Use of $5 million Federal gift tax exemption. The current Federal gift tax exemption of $5 million (or $10 million for married couples who elect to split gifts) is scheduled to revert to $1 million (or $2 million for married couples who elect to split gifts) on January 1, 2013. A proposal was submitted to the Super Committee to revert to a $1 million Federal gift tax exemption one year earlier, on January 1, 2012, or possibly as early as November 23rd – just 3 weeks away. Consequently, you may wish to consider making immediate gifts to use part or all of the $5 million (or $10 million) Federal gift tax exemption.

Qualified personal residence trusts (“QPRTs”). In a depressed real estate market, a gift to a QPRT may result in shifting appreciation to your trust beneficiaries. Although this benefit is somewhat offset by the current low interest rates (which reduce the discount associated with the donor’s retained interest and result in a corresponding increase in the value of the gift), if you own depressed residential real estate you may still wish to consider establishing a QPRT.

Valuation discounts. There have been a number of proposals considered by the Super Committee that would reduce the availability of discounts associated with gifts of interests in some limited partnerships or other entities. You might therefore want to establish and transfer interests in such entities to take advantage of potential valuation discounts.

Low-interest loans. The lowest rates for intra-family loans for November 2011 are .19% (for loans up to 3 years), 1.20% (for loans greater than 3 years and up to 9 years) and 2.67% (for loans greater than 9 years). With low interest rates like these, you might make low-interest loans to family members or to trusts for their benefit or refinancing any loans that are currently outstanding.

Charitable lead annuity trusts (“CLATs”). For those of you who have been making substantial annual gifts to charity, consider creating a CLAT to fund those gifts since, like a GRAT, a CLAT is particularly effective in transferring wealth to family members in a low-interest-rate environment. Another benefit of acting now is that a current CLAT may take advantage of charitable deductions that Congress may limit in the future.

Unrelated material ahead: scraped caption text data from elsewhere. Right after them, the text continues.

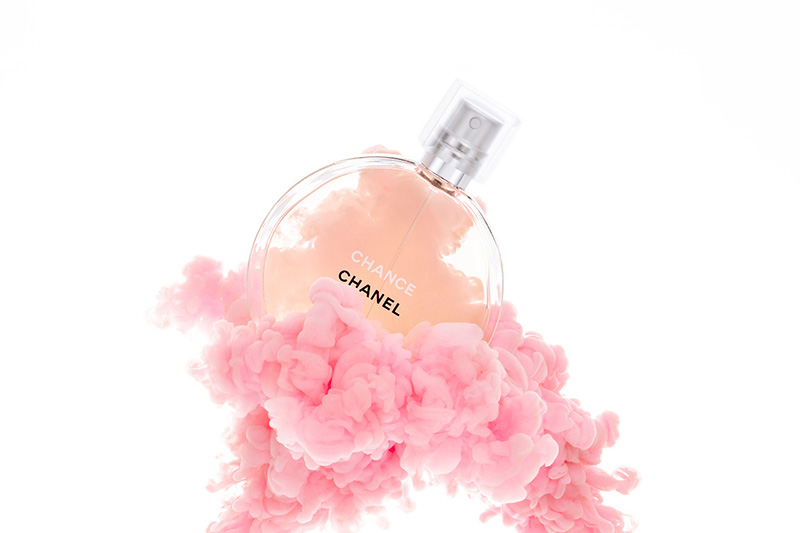 Chanel收購(gòu)10萬(wàn)平米茉莉花田，以確保五號(hào)香水的原料供應(yīng)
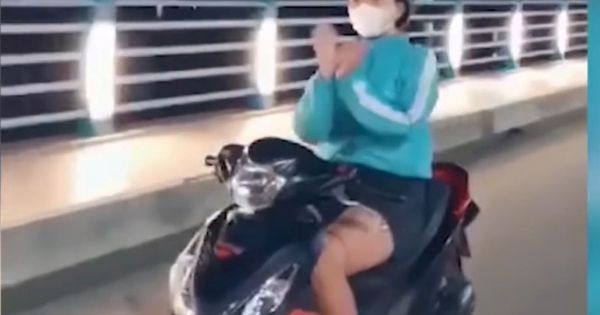 Cô gái chạy xe máy thả 2 tay, múa quạt bị phạt 7,4 triệu đồng tại Quảng Ngãi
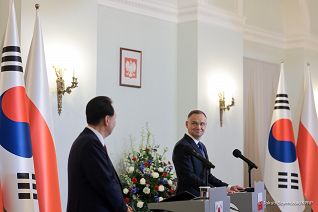 27_Andrzej_Duda_Yoon_Suk_yeol_Prezydent_Korei_konferencja_20230713_JS__1679_.jpg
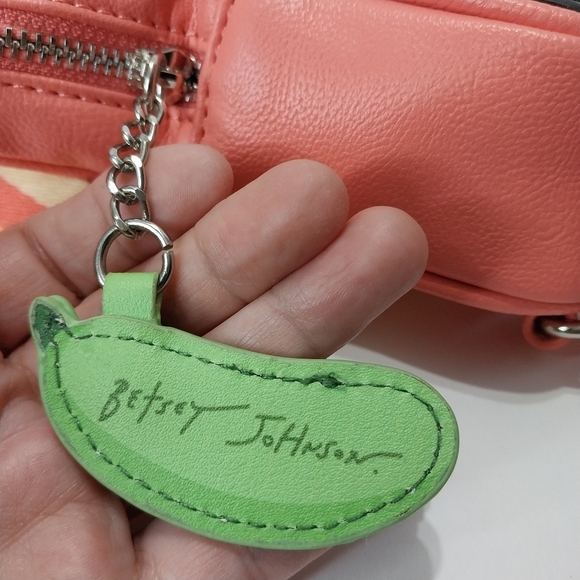 Betsey Johnson XOPICKLE Crossbody Bag, Size OS - Picture 5 of 7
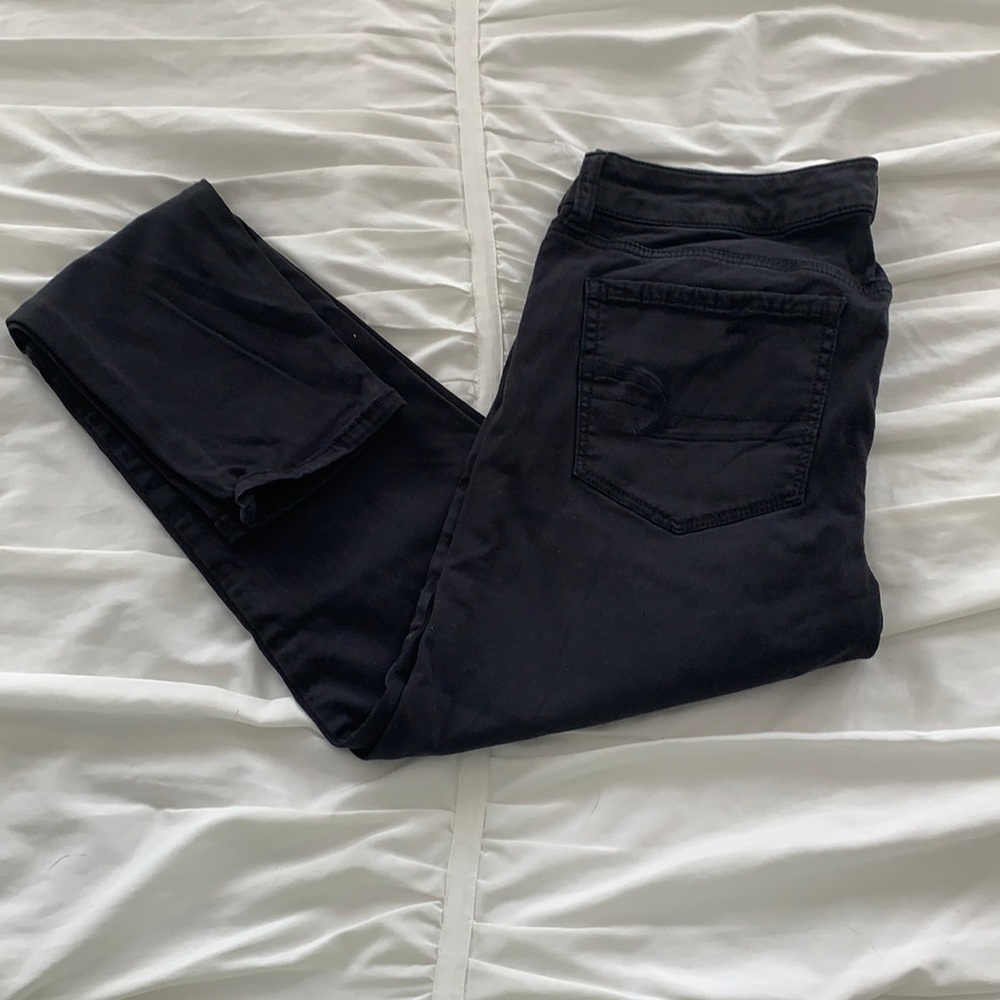 AE mid rise Stretch Black Jean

Grantor retained annuity trusts (“GRATs”). The Super Committee is considering a proposal to require that GRATs have a 10 year minimum term. Often, there are certain benefits associated with GRATs lasting less than 10 years. For those of you who would like to establish shorter-term GRATs, you should do that soon. In addition, a GRAT created now, regardless of the length of the term, would take advantage of the historically low “benchmark” rate (i.e., the minimal investment return necessary to pass wealth to the trust beneficiaries) of 1.4% for November 2011.